Violinist Julia Fischer finds the perfect artistic partner in the pianist Jan Lisiecki

Few people travel more than performing artists, and given the environmental ramifications of such globe-trotting, German violinist Julia Fischer is doing everything she can to cut down on her carbon footprint.

She drives an electric car. She takes the train whenever she can in Europe, where most of her career is centered. And she has cut back her trips to the United States to no more than once a year.

But she has made a point of keeping Symphony Center in her plans when she does cross the Atlantic, last appearing two years ago with the Chicago Symphony Orchestra and Riccardo Muti, now the CSO’s Music Director Emeritus for Life.

“I love the city and I love the hall,” she said from Germany, where she was tour with the Royal Philharmonic Orchestra and its chief conductor, Vasily Petrenko. “I really enjoy Chicago’s Orchestra Hall, I have to say. I think it is a really fantastic hall. It is so beautiful and inspiring to play in it.”

Fischer, 41, will return March 30 for a duo-recital with Canadian pianist Jan Lisiecki as part of the Symphony Center Presents Chamber Music Series. The visit will be part of a five-city tour that begins March 25 at Princeton University and runs through April 1 at David Geffen Hall in New York City’s Lincoln Center.

“I haven’t done a recital tour for a long time in America, so I thought this was a good time,” she said.

Lisiecki, 29, who won Gramophone’s Young Artist Award when he was 18, is best known as a soloist.
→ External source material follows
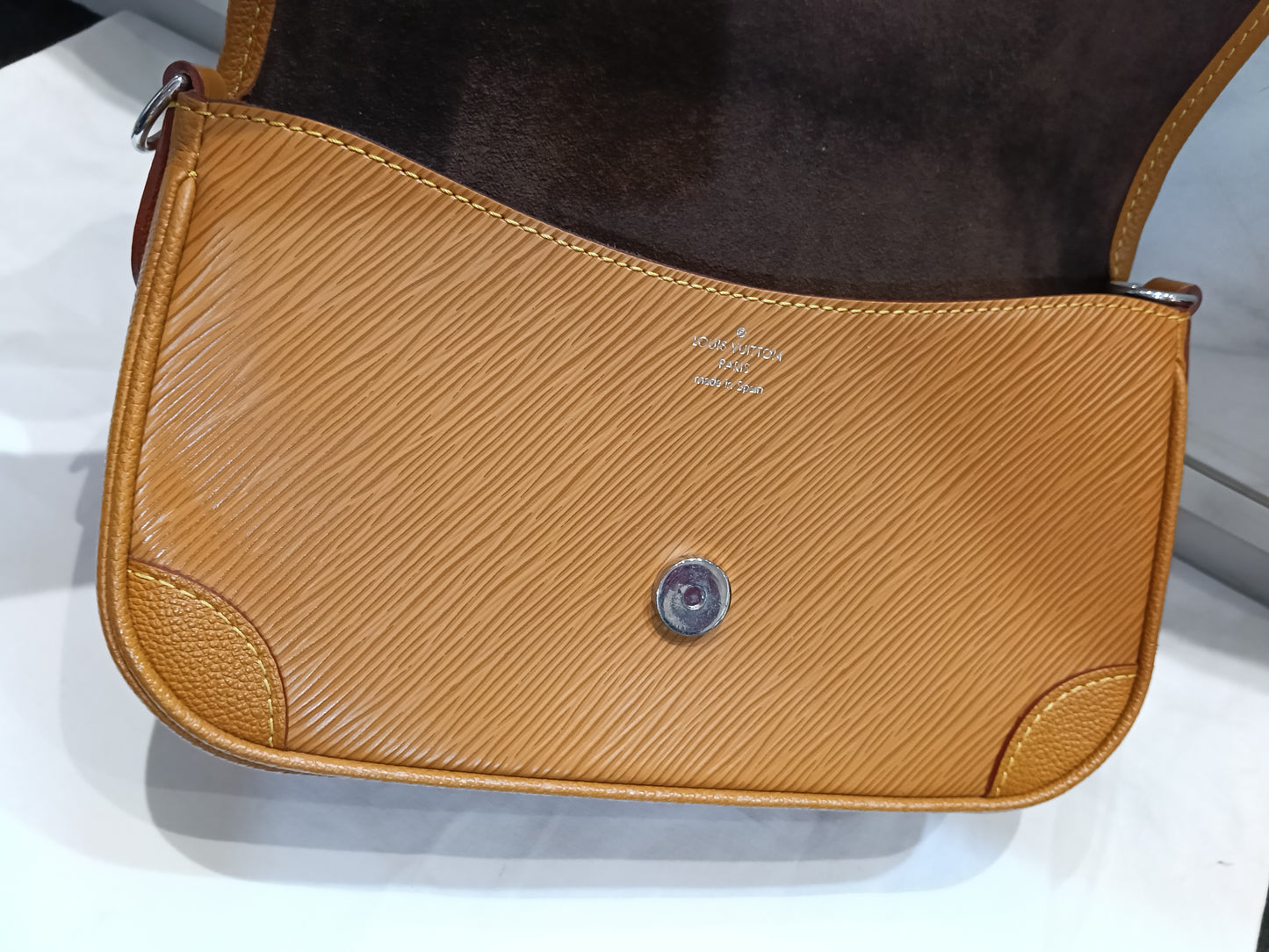 LV Buci NM Epi Gold Miel (CHIP)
He presented an all-Chopin solo recital in January 2022 as part of the Symphony Center Presents Piano Series.

The collaborators met 2½ years ago at the Rheingau Musik Festival in Germany, where the two were artists-in-residence. Organizers asked them to perform a duo-recital, which was the first time they performed together, and they immediately clicked. “We both enjoyed it so much that we decided that we would do a tour,” she said.

Unlike some star soloists, who devote nearly all their time to duo recitals and orchestral concerts, Fischer makes a point of regularly performing chamber music, including tours with the Julia Fischer Quartet. The ensemble has maintained the same personnel since its founding in 2010. 

“I love doing all of it,” she said. “I love doing chamber music. I love doing quartets, recitals, as well as orchestra tours. And I try to have everything per season in my life.” That typically means each season at least one quartet tour, one or two recital tours, two orchestra tours, plus sets of subscription concerts with orchestras.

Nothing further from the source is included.